Today’s From the Seminaries focuses on new academic programs at:
Midwestern Baptist Theological Seminary
Southern Baptist Theological Seminary
Midwestern launches ‘The Residency’ Ph.D.
KANSAS CITY, Mo. (BP) — A new facet of Midwestern Baptist Theological Seminary’s doctoral program aims to provide the context of campus life for students to make immediate application of their academic training.
Starting in the fall of 2017, “The Residency” will serve doctor of philosophy (Ph.D.) students who have the freedom to pursue their degree within the community of Midwestern’s campus in Kansas City, Mo.
The Residency “complements and expands our current Ph.D. offerings,” MBTS President Jason Allen said in a Nov. 1 announcement. “The program is limited to 25 students per year, and it affords students who can relocate to campus key offerings such as mentorship, community and experience.”
The Residency combines the best aspects of the American Ph.D. program and the traditional United Kingdom doctoral model by merging independent advanced theological research with cohort-based mentorship and oversight by adding regular, intensive engagement with faculty and other theological leaders within the everyday rhythm of the Midwestern’s on-campus ministry culture.
“In all, this experience will get them on a trajectory of study that qualifies them specifically for a future in theological education or Christian higher education,” Allen said.
Allen further noted that Ph.D. students participating in The Residency will be able to accomplish their degree in an expedited timeframe.
“They are not working two jobs or three jobs, or even one fulltime job,” Allen said, “but they are coming here with the expressed intent of moving through the Ph.D. program quickly and to be well-equipped along the way.”
Provost Jason Duesing noted that many students who applied or participated in the seminary’s modular-based Ph.D. program often asked if attending in residence was an option. He said the answer has always been “Yes” but now The Residency enhances the existing program by providing on-ground opportunities for these students.
One significant enhancement for students in The Residency is earning a graduate certificate in theological education as part of the program, Duesing said.

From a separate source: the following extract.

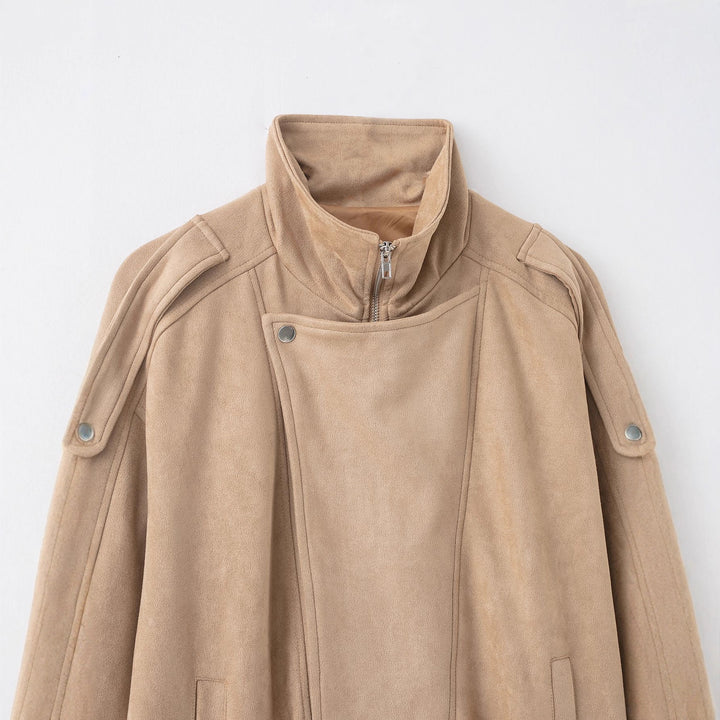 Women's short jacket in suede look with high stand-up collar, shoulder flaps and waist belt Mune Fashion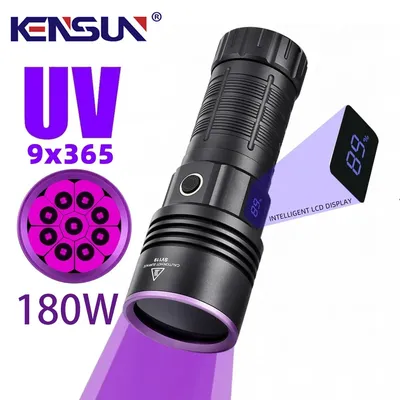 180W High Power 9LED UV Flashlight 365nm Ultraviolet Black Mirror Purple Light Pet Urine Tinea Ore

The graduate certificate in theological higher education is a 12-hour certificate students earn as part of their studies, which formally signals the training they’ve received for teaching in institutions of higher learning. This includes classroom experience in lecturing and grading, administrative equipping and preparation for writing, publishing and other content-based resourcing that will give graduates of The Residency an advantage in consideration with academic employers.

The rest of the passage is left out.